Okay, okay, okay... I'm exaggerating. This is hardly what you'd call aging. I only turned 27 this year. (Yes, I'm only 27... Shut up!)
Seriously, though... I'm getting older. One downside of aging, among many things, is the slowing down of one's metabolism, and therefore gaining weight that is just so freakin' hard to get rid of. I, for one, have been trying to deny that I am now a participant in the metabolism game... yesterday morning, however, I had a rude awakening. Let me break it down to you...
You know your ass is getting bigger, when your favorite pair of jeans (actually, the only pair that fits you nowadays) rips at the butt area when you sit down hurriedly because you are running late for work.

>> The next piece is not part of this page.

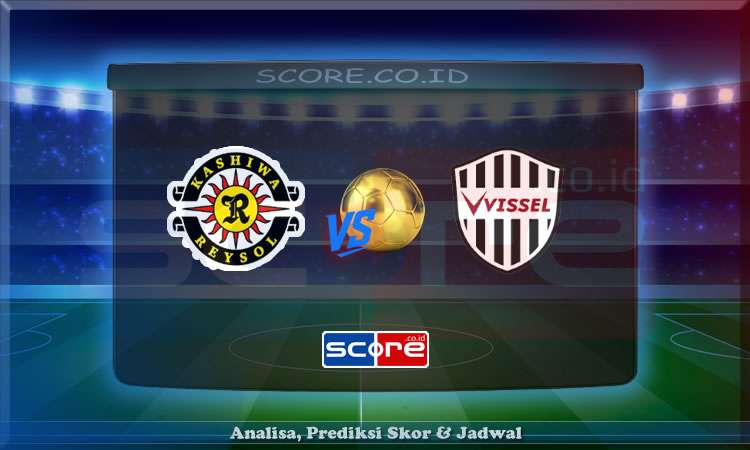 Prediksi Skor Kashiwa Reysol vs Vissel Kobe 31 Mei 2025
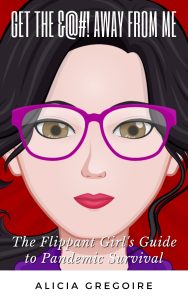 Get the @#$%&! Away From Me: The Flippant Girl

Well, that's what happened to me. Note that it wasn't just a small rip that could easily be hidden under my long shirt (the kind of shirt that disguises a protruding beer gut). The rip starts from the right butt cheek right down to the "kuyukot" (only a word as nasty as this can make me blush) - that area below the bum. The clincher? I didn't notice it at first, so I did my errands (passed by the bank and the drugstore), and walked the busy BF Paranaque street, clueless that everyone behind me would be enjoying a free peep show featuring my ass. The only time I noticed that my ass and my underwear was exposed to the world was when I finally felt the "air-cool" feeling. Needless to say, I had no choice but to go back home and change my pants.
You know that feeling when you come home and notice that your fly was open the whole time you were outside the house? Multiply that feeling by 50... and that's exactly how I felt.
On the upside, I finally have a legitimate reason to shop for new clothes. =)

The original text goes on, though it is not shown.